【音楽】 ボサノバ、ユーミン、カーボ・ヴェルデの音楽
(見出し画像:タチアーナのアルバム『あの日にかえりたい』)
新しく本棚を購入し、書籍、CD、DVDを整理した。部屋はいくぶんすっきりした。
わが家のCD。クラシック、ラテン系、フレンチポップス、日本のポップス。
ラテン系はタンゴとボサノバ。タンゴは戦前録音の歌入りタンゴ、ボサノバはジョアン・ジルベルト、カエターノ・ベローゾ、ナラ・レオン。
フレンチ・ポップスはミレール・ファルメール、パトリシア・カース、エンゾの女性陣ばかり。
日本のポップスは大貫妙子、元ちとせ、カヒミカリー、原田郁子、クランボン。
ジャズはCDで聞いても面白くないからもっぱらレコードで。
近ごろ心の癒しとなっているのはタチアーナ『あの日にかえりたい』。
ブラジルの女の子が歌うユーミンのカバーアルバムだ。
ブラジルだからボサノバ調。ポルトガル語は子音が多いから、ユーミンの歌唱とはひと味違った爽快感がある。以前はあまり好きではなかったユーミン。でも、タチアーナを聞いてから、ユーミンの良さが分かりはじめてきた。

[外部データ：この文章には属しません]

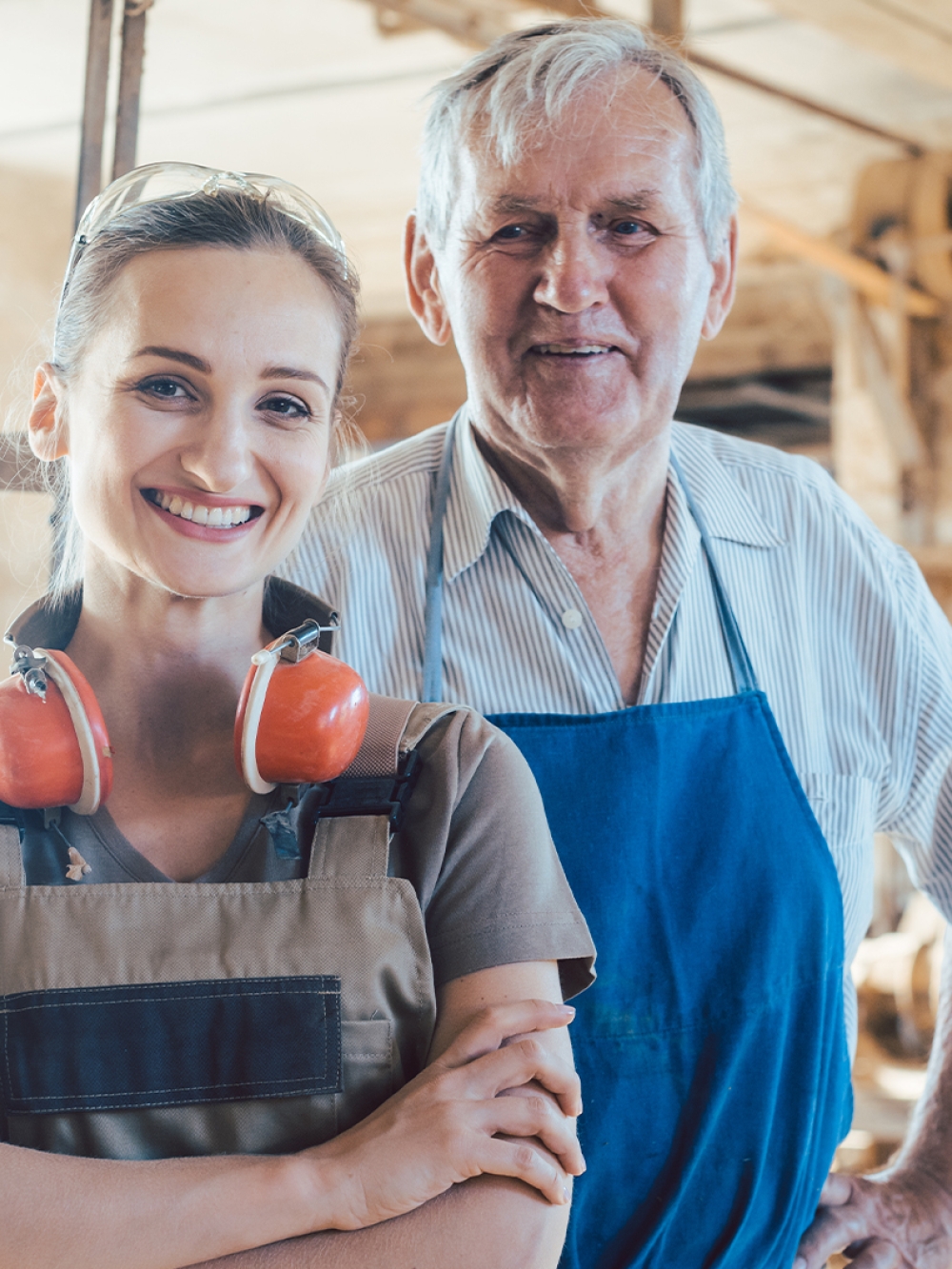 Jeune femme en tablier au premier plan d’un atelier de menuiserie, avec un homme en tablier à l’arrière‑plan, illustrant la continuité d’un savoir‑faire.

ポルトガル語を少し齧ったことがあるけれど、よくはわからない。けれど、タチアーナが発するサウダージ〝saudade〟の音が透き通り、鮮明に聞こえる。ポルトガル語は子音に特徴がある。スペルはスペイン語と似ているのに、ポルトガル語は母音を飲み込んで発音するから軽やか。スペイン語のように母音を前面にだす感じがしないから、スピード感があり疲れない。
サウダージ〝saudade〟。
きっと「夜空に」あたりの歌詞なのだろう。
サウダージはブラジル人の心情を表す言葉ということらしいが、中央フリーウェイにサウダージが乗っかって、夕暮れの空へと向かってゆくような爽快感がある。フリーウェイの照明灯が背後に飛ぶように流れ、車は夜空に続くなにかに向けて疾走する。サウダージとは男と女の、心を揺さぶる哀愁のような光景なのだろうか。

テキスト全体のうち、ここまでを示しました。